It is sad that this first post of the year is about the brutal killing of a young woman in New Delhi. However, a saying attributed to Buddha states that: “[t]here are only two mistakes one can make along the road to truth; not going all the way, and not starting.” We better start recognizing fairly quickly the obvious truth that we, as a society are failing women, and that we have a moral and legal obligation to do better.
As the world knows, on Dec. 16, a 23-year-old woman and her male friend were returning home after watching a movie at a mall in southwest Delhi. After they boarded what seemed to be a passenger bus, the six men inside gang-raped and tortured the woman so brutally that her intestines were destroyed. The attackers also severely beat up the woman’s friend and threw them both from the vehicle, leaving her near death, and her friend with severe injuries. On Saturday morning, 13 days after she was brutalized, she died of multiple organ failure.
Shortly after the attack, tens of thousands of people took to the streets and faced down police officers, tear gas and water cannons to express their outrage. It was the most vocal protest against sexual assault and rape in India to date, and it set off nationwide demonstrations.

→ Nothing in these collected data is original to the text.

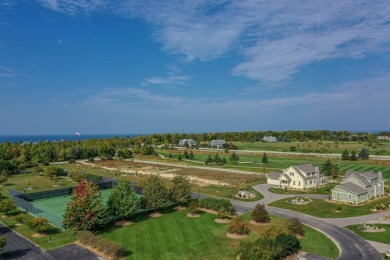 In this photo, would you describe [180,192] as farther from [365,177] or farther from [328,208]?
[365,177]

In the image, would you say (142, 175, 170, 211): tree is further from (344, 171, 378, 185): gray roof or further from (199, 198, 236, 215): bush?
(344, 171, 378, 185): gray roof

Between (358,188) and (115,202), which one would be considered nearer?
(115,202)

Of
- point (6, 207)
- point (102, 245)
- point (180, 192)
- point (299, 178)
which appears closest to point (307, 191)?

The protesters took to the streets outraged about the lack of legal protection for women’s rights in the largest democracy in the world.

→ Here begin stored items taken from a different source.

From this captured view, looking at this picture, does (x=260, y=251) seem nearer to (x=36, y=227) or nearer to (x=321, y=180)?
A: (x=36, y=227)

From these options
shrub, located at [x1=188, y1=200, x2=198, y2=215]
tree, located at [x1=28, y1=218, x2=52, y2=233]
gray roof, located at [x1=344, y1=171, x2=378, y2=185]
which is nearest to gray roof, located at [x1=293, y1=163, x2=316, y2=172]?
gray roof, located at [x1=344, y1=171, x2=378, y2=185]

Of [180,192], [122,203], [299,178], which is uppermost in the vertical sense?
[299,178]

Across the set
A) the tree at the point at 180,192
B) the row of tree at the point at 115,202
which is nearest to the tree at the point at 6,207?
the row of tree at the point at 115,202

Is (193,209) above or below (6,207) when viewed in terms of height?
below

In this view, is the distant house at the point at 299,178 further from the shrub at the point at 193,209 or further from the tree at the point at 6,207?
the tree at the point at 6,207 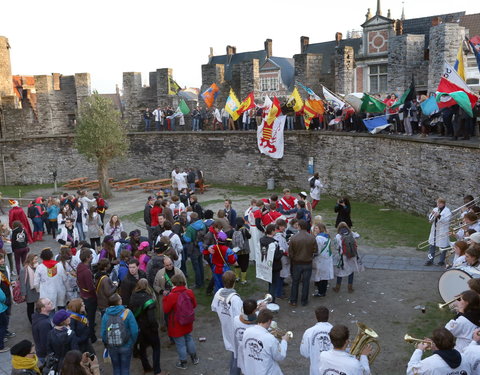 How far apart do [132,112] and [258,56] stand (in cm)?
2355

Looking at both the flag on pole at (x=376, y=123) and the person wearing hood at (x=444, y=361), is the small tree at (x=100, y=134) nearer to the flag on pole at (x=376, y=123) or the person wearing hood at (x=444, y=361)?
the flag on pole at (x=376, y=123)

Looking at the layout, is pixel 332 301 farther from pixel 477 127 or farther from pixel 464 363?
pixel 477 127

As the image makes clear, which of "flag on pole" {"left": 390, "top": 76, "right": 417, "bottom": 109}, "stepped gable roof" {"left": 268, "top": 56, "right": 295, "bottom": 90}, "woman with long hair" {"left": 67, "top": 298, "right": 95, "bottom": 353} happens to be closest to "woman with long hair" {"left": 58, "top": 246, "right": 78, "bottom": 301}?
"woman with long hair" {"left": 67, "top": 298, "right": 95, "bottom": 353}

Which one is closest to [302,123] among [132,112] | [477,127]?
[477,127]

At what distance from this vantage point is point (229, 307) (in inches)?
245

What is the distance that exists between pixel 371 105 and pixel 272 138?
5.39 m

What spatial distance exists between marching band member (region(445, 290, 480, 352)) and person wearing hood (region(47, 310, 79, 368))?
4.34m

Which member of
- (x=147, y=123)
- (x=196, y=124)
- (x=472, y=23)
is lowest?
(x=196, y=124)

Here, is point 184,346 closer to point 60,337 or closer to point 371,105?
point 60,337

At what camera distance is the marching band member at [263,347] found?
4.95 meters

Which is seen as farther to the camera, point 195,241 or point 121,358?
point 195,241

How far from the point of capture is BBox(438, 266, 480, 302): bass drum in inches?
265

Although India has laws against rape; seats reserved for women in buses, female officers; and special police help lines, these measures have proven ineffective in the face of a patriarchal and misogynistic culture. It is a culture that believes that the worst aspect of rape is the defilement of the victim, who will no longer be able to find a man to marry her, and where the solution is often for the victim to marry the rapist. The rapists are obviously at fault in these cases, but those who blame women who are victims of rape, or do nothing to protect them, are accomplices in the victimization.
In 2012, of the more than 600 rape cases reported in Delhi, only one led to a conviction. Police officers, politicians, diplomats, heads of States, and regular people in the street who turn the other way are contributing to the problem. Victims often believe they will not receive justice, and that they will be shunned if they report the rape; and the lack of convictions for rape support their belief. Rapists do not fear the consequences of their actions, because often their actions carry no consequences.
The volume of protests in public and in the media has made clear that the attack was a turning point and hopefully this horrendous tragedy will lead to more stringent laws that protect women. In Geneva, Navi Pillay, the U.N. Commissioner on Human Rights, called Monday for fundamental change in India: “Let us hope that 2013 will be the year the tide is turned on violence against women in India and all women can walk free without fear. … The public is demanding a transformation in systems that discriminate against women to a culture that respects the dignity of women in law and practice,” said Pillay.
I call for fundamental change not just in India but also everywhere in the world in the protection and respect for the victims of rape and other gender violence. I hope that this tragedy will be a catalyst for change in women rights around that world and that what the victim of this horrible crime had to endure serves to prevent further suffering for other women.